The development of new medicines that aim to treat complex diseases is driven by new tools continuously arising in modern science. Both the social pressure as well as the pharmaceutical industry's motivation align to move these new treatments forward and to take them to the market as soon as possible.
Genetic engineering has been positioned as one of the most critical tools within the Drug Discovery industry. In human genetics, a gene can be targeted using different approaches including the use of Morpholinos that silence the gene expression, the use of reverse genetics that induces mutations in a model organism to study their role in disease, the use of Transcription Activator-Like Effector Nuclease (TALENs) or the use of Clustered Regularly Interspaced Short Palindromic Repeats (CRISPR). In this post, we will focus more specifically on the use of CRISPR Cas13.
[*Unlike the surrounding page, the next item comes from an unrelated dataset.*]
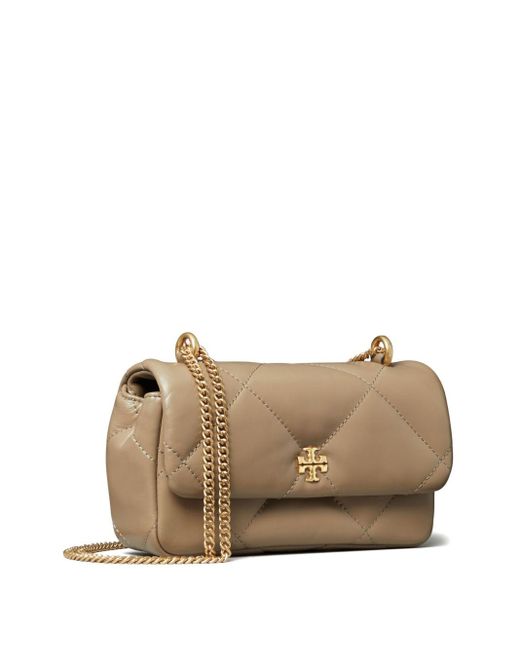 Tory Burch Natural Kira Diamond Mini Leather Shoulder Bag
The origin of CRISPR discovery
Back in 1987, an unusual repetitive DNA sequence was discovered in Escherichia coli while analyzing genes involved in alkaline phosphatase metabolism. Interestingly, this discovery took place independently in three parts of the world at the same time, however, none of the laboratories knew the function of these interrupted clustered repeats. These sequences were derived from DNA fragments of viruses, called bacteriophages, that had previously infected the bacteria. Researchers years later realized that these DNA repeats were able to identify and fight these viruses during subsequent infections.
The value of CRISPR
Before CRISPR discovery, genetic engineering had elevated costs, hindering this fact its use and making it less accessible to the research community.
CRISPR works like a pair of genetic scissors that allow for controlled cuts in strands of DNA, and therefore this technique has simplified the complexity of traditional gene-editing methods. This fact has paved the way for new tools to fight against diseases and has since transformed genetic research.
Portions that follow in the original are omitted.